··· Data extract ···

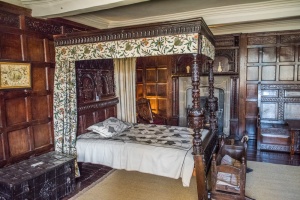 A richly carved 17th century four-poster bed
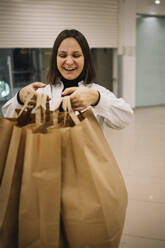 Glückliche Frau mit Einkaufstüten - ANAF01162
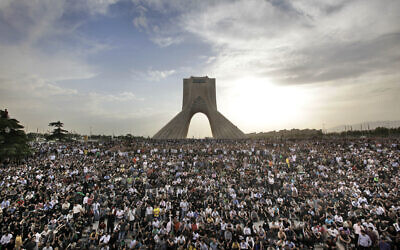 In this June 15, 2009 file photo, hundreds of thousands of supporters of leading opposition presidential candidate Mir Hossein Mousavi, who claims there was voting fraud in Friday's election, turn out to protest the result of the election at a mass rally in Azadi (Freedom) square in Tehran, Iran. (AP Photo/Ben Curtis, File)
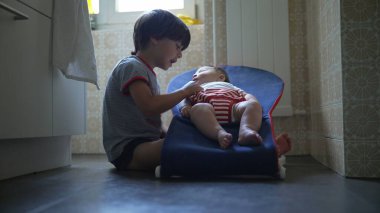 Yerde oturan genç bir çocuk, bir fedainin içinde bebekle konuşuyor, nazikçe iletişim kuruyor ve gülümsüyor, sıcak bir ev ortamında, kardeş bağı kuruyor ve sevgi dolu bir aile ortamında bağ kuruyor.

···

» **Assignment**
Return exactly the lines from the line with "In this June" through the last line of the data above, both included; pictures do not go in the answer.

» **Answer to this problem**
 In this June 15, 2009 file photo, hundreds of thousands of supporters of leading opposition presidential candidate Mir Hossein Mousavi, who claims there was voting fraud in Friday's election, turn out to protest the result of the election at a mass rally in Azadi (Freedom) square in Tehran, Iran. (AP Photo/Ben Curtis, File)
 Yerde oturan genç bir çocuk, bir fedainin içinde bebekle konuşuyor, nazikçe iletişim kuruyor ve gülümsüyor, sıcak bir ev ortamında, kardeş bağı kuruyor ve sevgi dolu bir aile ortamında bağ kuruyor.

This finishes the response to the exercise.